Alle 05:22 ET (09:22 GMT), i futures sul Brent con scadenza a giugno erano in rialzo del 2,8% a 97,68 dollari al barile, mentre i futures sul West Texas Intermediate (WTI) statunitense salivano del 3,3% a 97,50 dollari al barile.

Entrambi i benchmark erano crollati di oltre il 13% mercoledì dopo che il presidente degli Stati Uniti Donald Trump aveva annunciato un cessate il fuoco temporaneo con l’Iran.

Gli attacchi in Libano sollevano dubbi sul cessate il fuoco

Gli attacchi aerei israeliani in Libano sono aumentati notevolmente mercoledì, nonostante il cessate il fuoco di due settimane tra Stati Uniti e Iran annunciato dal presidente Trump il giorno precedente.

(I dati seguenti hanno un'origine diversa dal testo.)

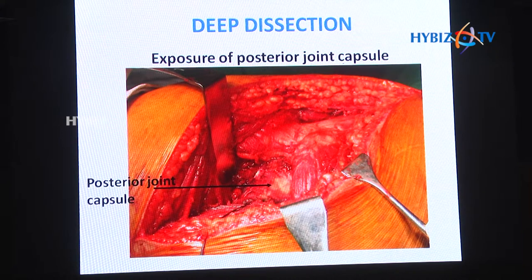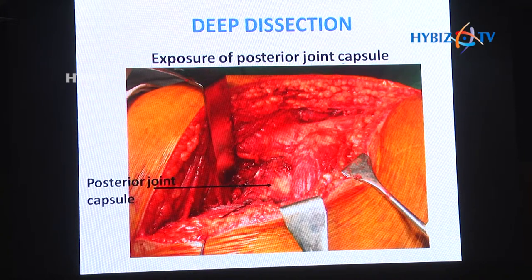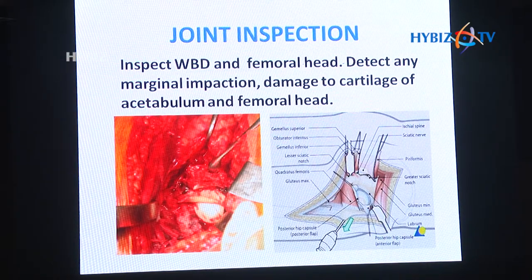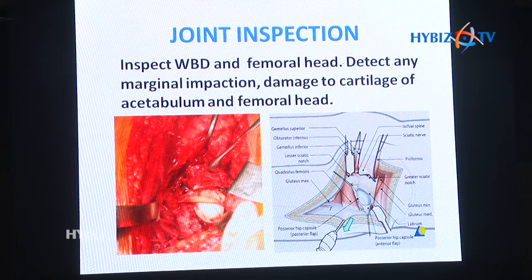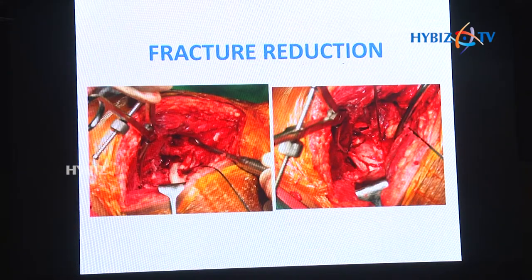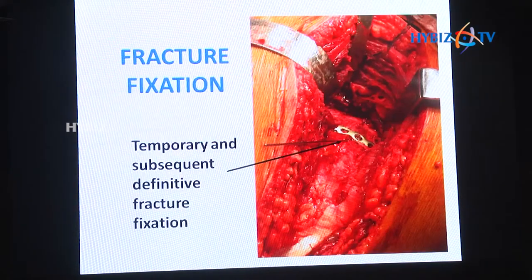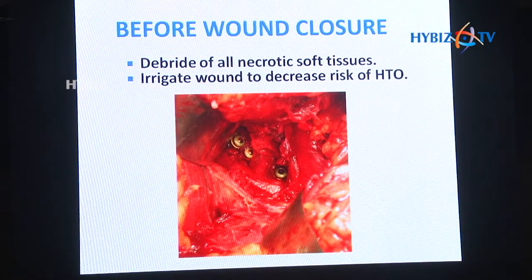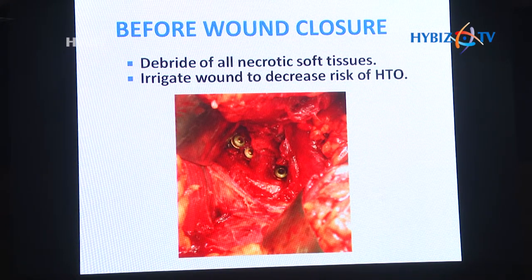Expose the posterior joint capsule — do not cut this capsule because most posterior wall fragments are attached to it. Try to go through the fracture site to see the joint. Debride the joint, examine all the fragments, check for marginal impaction, damage to the cartilage of the femoral head, and try to repair that. Localize, remove, clean, and reinsert any free intra-articular fracture fragments. Fracture reduction can be done with K-wires, spikes, or reduction clamps for temporary fixation, then place a plate over the posterior wall fragments. Remember to debride all devitalized tissues, otherwise the chances of heterotopic ossification are maximum.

La prosecuzione delle operazioni militari ha messo in evidenza interpretazioni divergenti dell’accordo di cessate il fuoco, con Israele che ha indicato che le sue operazioni contro Hezbollah non rientrano nell’ambito della tregua.

L’Iran ha reagito adottando una posizione più dura, affermando che i negoziati di pace con Washington sarebbero “irragionevoli” nelle attuali condizioni e accusando Israele di aver violato il cessate il fuoco.

Allo stesso tempo, l’Iran ha sospeso il passaggio delle petroliere attraverso lo Stretto di Hormuz, ritardando qualsiasi reale ripresa dei flussi globali di petrolio.

“Con una riapertura completa dello stretto improbabile nel breve termine, i prezzi del petrolio dovrebbero rimanere sostenuti, poiché le interruzioni legate alla riduzione della produzione e alle chiusure delle raffinerie richiederanno tempo per essere superate”, hanno affermato gli analisti di ING in una nota.

I prezzi del petrolio erano crollati mercoledì dopo che il presidente Trump aveva annunciato il cessate il fuoco e promesso che Washington avrebbe contribuito ad alleviare la congestione del traffico marittimo nello stretto.

Le scorte di greggio USA salgono ai massimi degli ultimi tre anni – EIA

I dati pubblicati dalla U.S. Energy Information Administration hanno mostrato che le scorte di greggio sono aumentate di 3,1 milioni di barili, raggiungendo 464,7 milioni di barili nella settimana terminata il 3 aprile. Il dato rappresenta il livello più alto degli ultimi quasi tre anni e ha sorpreso i mercati, che si aspettavano un calo di circa 1,0 milione di barili.

Nel frattempo, le scorte di carburante si sono mosse nella direzione opposta. Le scorte di distillati — che includono diesel e olio da riscaldamento — sono diminuite di 3,1 milioni di barili a causa della forte domanda di esportazioni, mentre le scorte di benzina sono scese di 1,6 milioni di barili.